The United Nations Convention on Child Rights, by declaring Right to Protection as an issue of child rights has provided some attention and obligation on the signatory states though much remains to be realized. Going by literal meaning, Child Protection would bring under its ambit numerous categories of children, whose security is at stake, reeling in situations of neglect, maltreatment, injury, trafficking, sexual and physical abuse of all kinds, pornography, corporal punishment, torture, exploitation, violence, and degrading treatment waiting for immediate attention and protection.
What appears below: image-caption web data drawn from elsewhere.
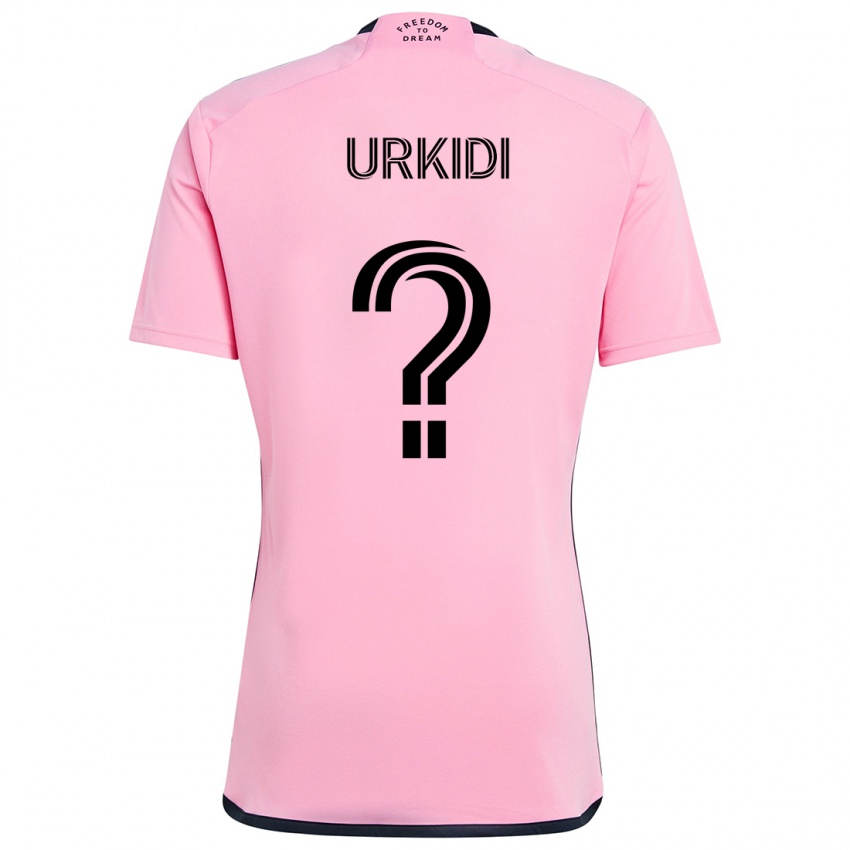 Criança Camisola Ian Urkidi #0 Cor-De-Rosa Principal 2024/25 Camisa Brasil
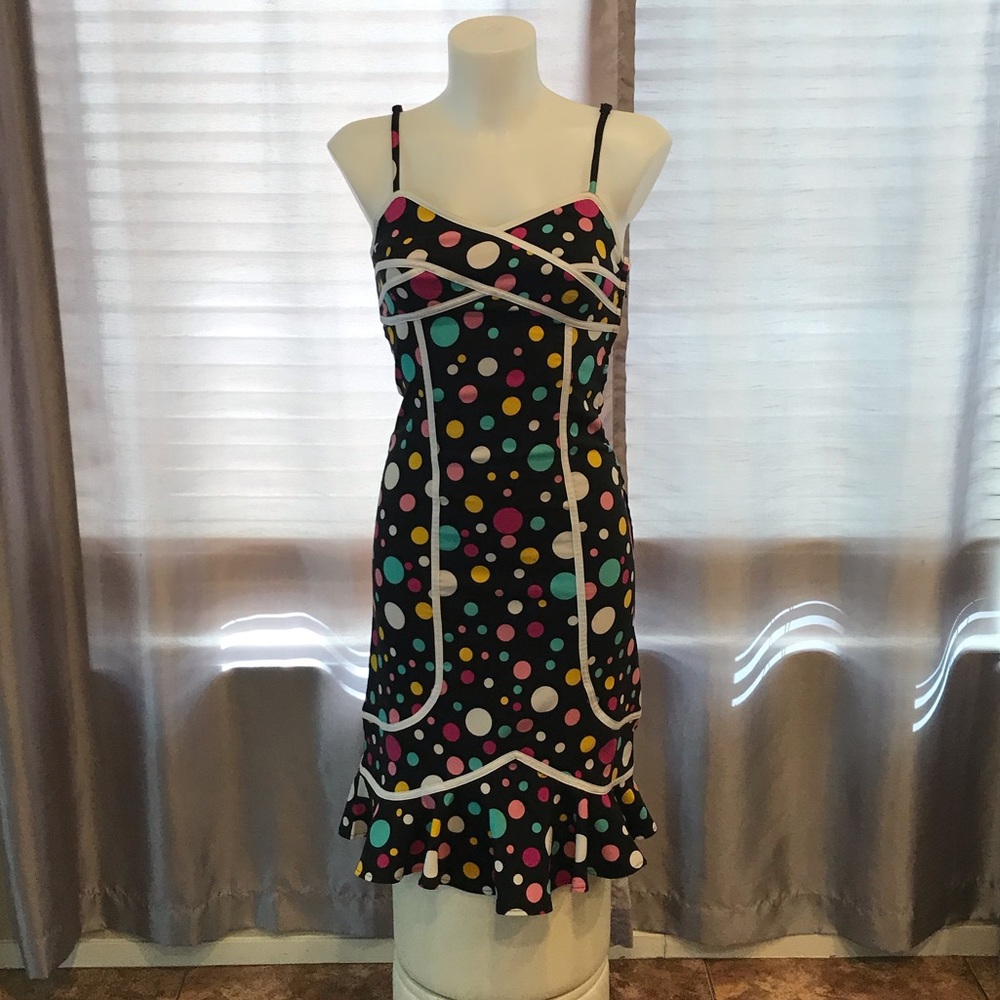 Bettie Page Polka Dot Wiggle Dress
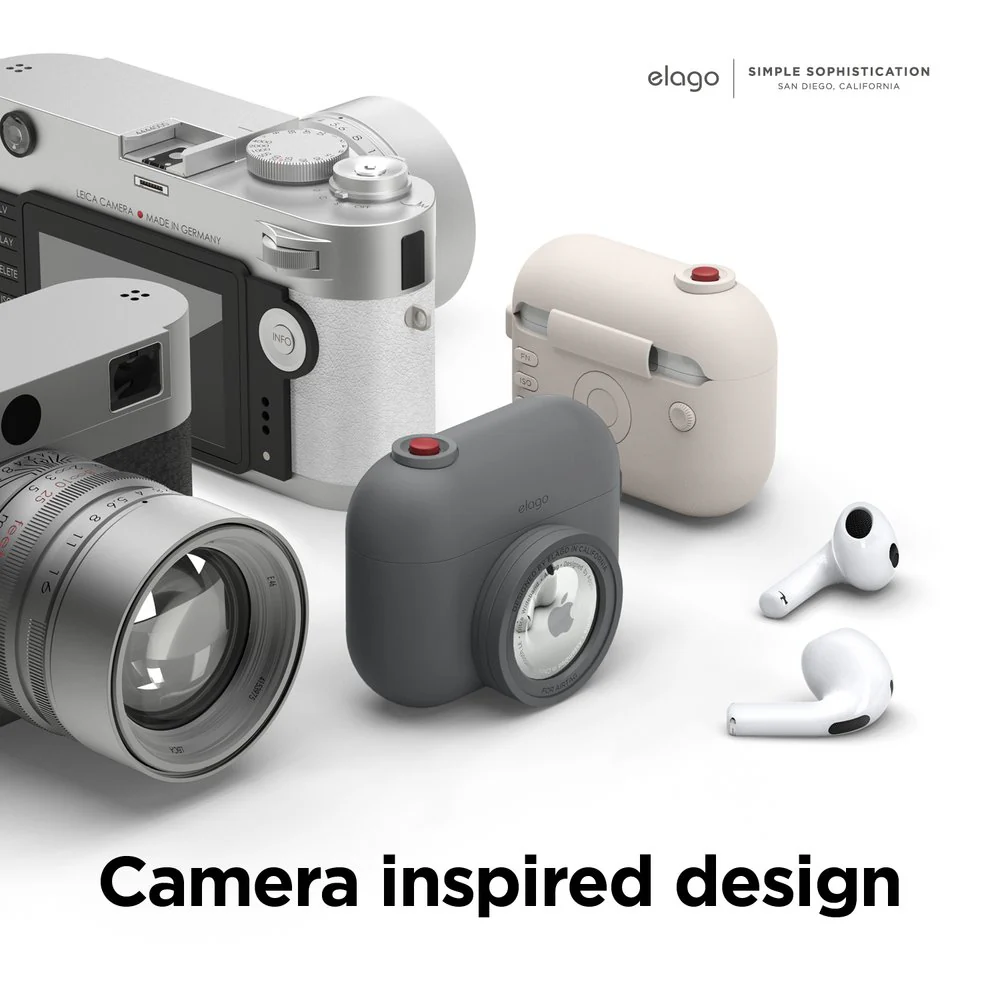 ELAGO Airpods 3 • Coque avec emplacement pour Airtag • Gris Foncé - Image 3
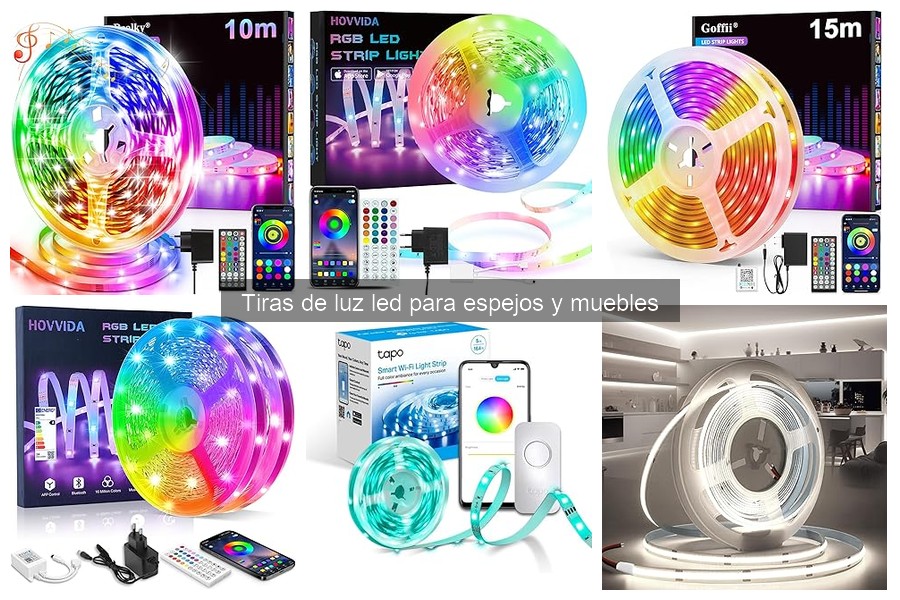 Alternativas a tiras de luz LED para espejos y muebles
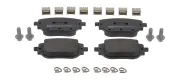 Bremsbelagsatz, Scheibenbremse Hinterachse JURID 574255J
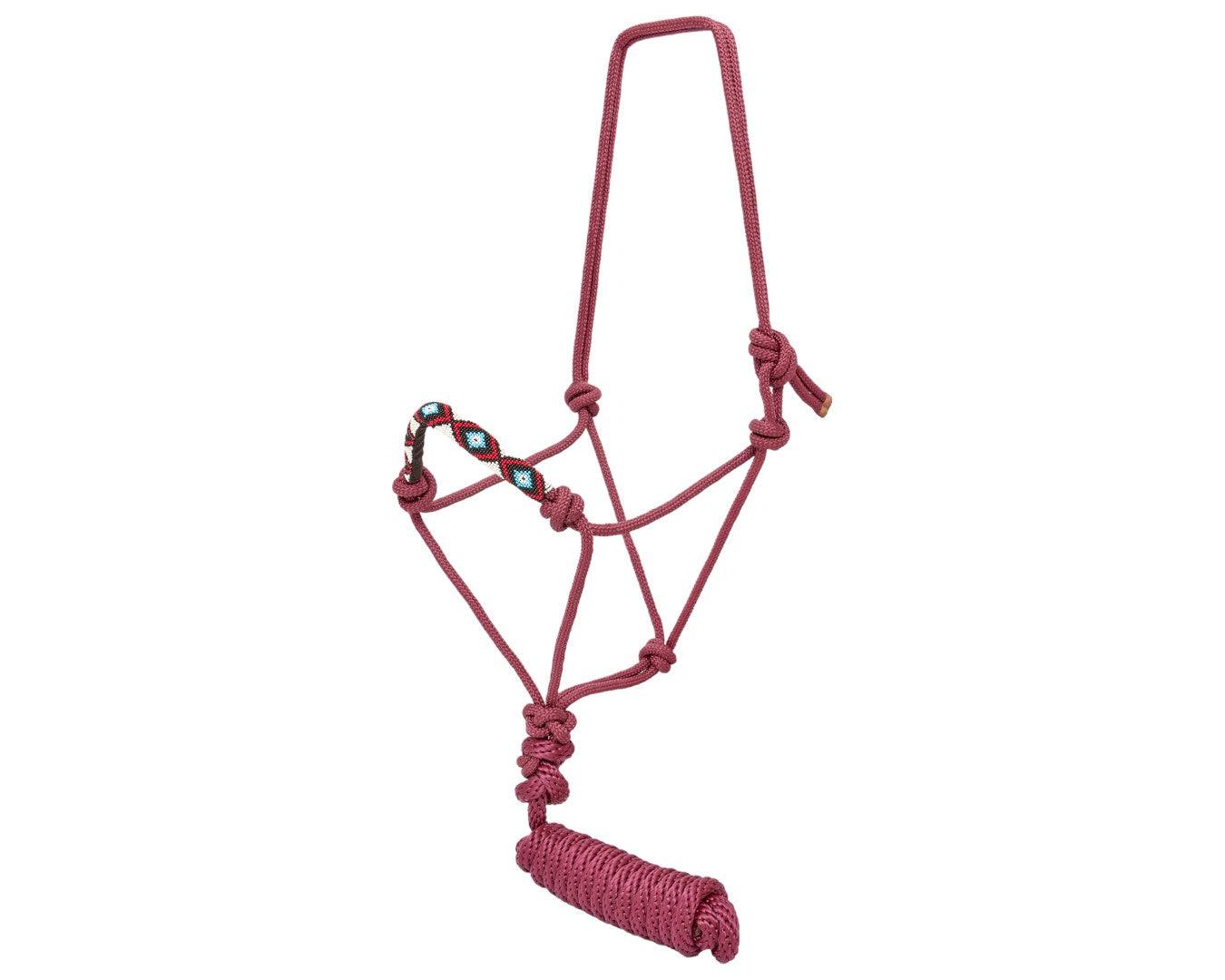 Fort Worth Rope Halter Beaded Nose with Lead - Image 17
To safeguard its children from any form of abuse, central government has enacted Juvenile Justice Act ( Care and Protection of Children) , 2015 and introduced schemes and programmes to take care of the children in need of care and protection as well as children who come in conflict with law.
Antakshari work on Juvenile Justice Act began with the initiative to develop understanding on Juvenile Justice (Care and Protection of children) bill, 2014. A campaign along with UNICEF and other organization was organized to seek suggestions on new bill. The campaign resulted into 70 non-governmental organizations coming together and advocating for restoring of juvenile justice system, developing of position paper on JJ Bill for appealing amendments in the proposed bill. A set of recommendation for advocacy and incorporation in JJ Bill 2014 was drafted and sent to Government of India.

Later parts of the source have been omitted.